▶ _What is expected_
It would help if you retyped the data exactly, leaving out the pictures.

▶ _Available data_
---

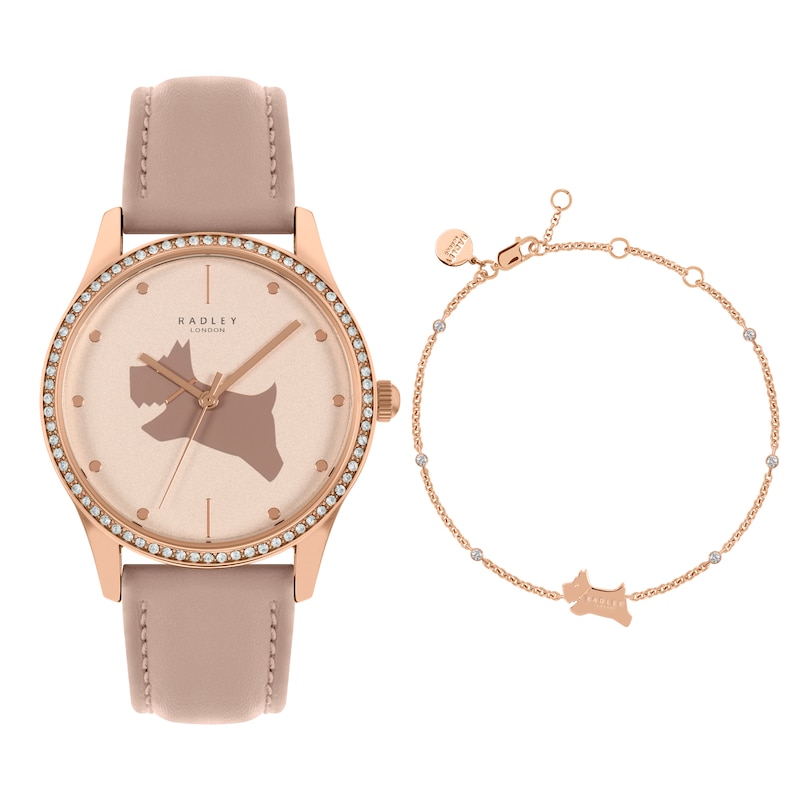 Radley Cobweb Ladies' Pink Strap Watch & Bracelet Set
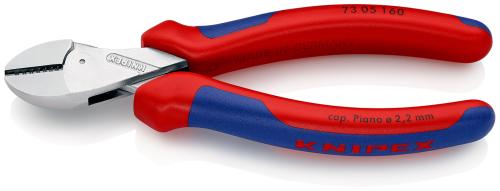KNIPEX 73 05 160 SB X-Cut® Compact Diagonal Cutter high lever transmission with multi-component grips chrome plated 160 mm 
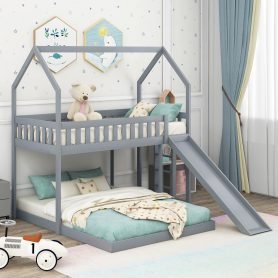 Twin over Full House Bunk Bed with Slide and Built-in Ladder,Full-Length Guardrail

---

▶ _Response to this task_
 Radley Cobweb Ladies' Pink Strap Watch & Bracelet Set
KNIPEX 73 05 160 SB X-Cut® Compact Diagonal Cutter high lever transmission with multi-component grips chrome plated 160 mm 
 Twin over Full House Bunk Bed with Slide and Built-in Ladder,Full-Length Guardrail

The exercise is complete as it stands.